■ DIRECTIONS: In the records that follow, find the line with "我的世界怎么清除掉落物(图1)"; from there, retype every line exactly through the line with "삼선동5가 도배 시공", which also belongs to the answer.

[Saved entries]
[Start of section]

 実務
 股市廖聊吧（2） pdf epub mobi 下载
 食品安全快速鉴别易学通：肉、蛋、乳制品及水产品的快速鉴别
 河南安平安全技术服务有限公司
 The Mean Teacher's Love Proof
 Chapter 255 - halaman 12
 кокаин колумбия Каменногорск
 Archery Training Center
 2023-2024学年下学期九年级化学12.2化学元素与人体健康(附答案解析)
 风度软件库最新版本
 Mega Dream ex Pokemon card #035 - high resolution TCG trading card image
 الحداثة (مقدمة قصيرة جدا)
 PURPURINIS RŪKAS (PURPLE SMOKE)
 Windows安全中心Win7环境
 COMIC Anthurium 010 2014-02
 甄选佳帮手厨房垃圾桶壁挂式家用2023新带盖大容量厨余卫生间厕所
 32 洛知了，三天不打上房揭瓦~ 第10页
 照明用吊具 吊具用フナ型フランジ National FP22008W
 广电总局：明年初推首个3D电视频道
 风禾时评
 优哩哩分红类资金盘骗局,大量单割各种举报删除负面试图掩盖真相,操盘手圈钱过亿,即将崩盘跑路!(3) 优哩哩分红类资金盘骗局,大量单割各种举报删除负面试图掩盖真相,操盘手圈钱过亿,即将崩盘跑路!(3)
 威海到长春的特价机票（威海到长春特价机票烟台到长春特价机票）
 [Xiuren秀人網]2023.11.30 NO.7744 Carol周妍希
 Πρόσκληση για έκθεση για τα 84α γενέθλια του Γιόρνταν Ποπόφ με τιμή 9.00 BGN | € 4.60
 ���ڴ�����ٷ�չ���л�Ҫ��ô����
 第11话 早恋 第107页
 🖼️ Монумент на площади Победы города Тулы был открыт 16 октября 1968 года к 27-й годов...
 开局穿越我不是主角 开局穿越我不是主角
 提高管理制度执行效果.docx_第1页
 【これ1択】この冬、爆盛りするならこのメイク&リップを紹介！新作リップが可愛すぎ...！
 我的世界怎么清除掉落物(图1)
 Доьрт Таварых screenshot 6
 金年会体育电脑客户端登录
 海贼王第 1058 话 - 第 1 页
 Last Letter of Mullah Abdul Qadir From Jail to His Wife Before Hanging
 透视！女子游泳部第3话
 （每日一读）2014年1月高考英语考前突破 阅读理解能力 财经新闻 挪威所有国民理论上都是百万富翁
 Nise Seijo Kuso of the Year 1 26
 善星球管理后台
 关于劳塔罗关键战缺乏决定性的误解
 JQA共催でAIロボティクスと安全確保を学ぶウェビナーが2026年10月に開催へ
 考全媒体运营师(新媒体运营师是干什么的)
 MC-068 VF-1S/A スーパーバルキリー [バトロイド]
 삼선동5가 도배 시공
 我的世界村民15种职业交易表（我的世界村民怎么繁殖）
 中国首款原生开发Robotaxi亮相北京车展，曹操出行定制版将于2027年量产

[End of section]

■ OUTPUT OF THE EXERCISE:
 我的世界怎么清除掉落物(图1)
 Доьрт Таварых screenshot 6
 金年会体育电脑客户端登录
 海贼王第 1058 话 - 第 1 页
 Last Letter of Mullah Abdul Qadir From Jail to His Wife Before Hanging
 透视！女子游泳部第3话
 （每日一读）2014年1月高考英语考前突破 阅读理解能力 财经新闻 挪威所有国民理论上都是百万富翁
 Nise Seijo Kuso of the Year 1 26
 善星球管理后台
 关于劳塔罗关键战缺乏决定性的误解
 JQA共催でAIロボティクスと安全確保を学ぶウェビナーが2026年10月に開催へ
 考全媒体运营师(新媒体运营师是干什么的)
 MC-068 VF-1S/A スーパーバルキリー [バトロイド]
 삼선동5가 도배 시공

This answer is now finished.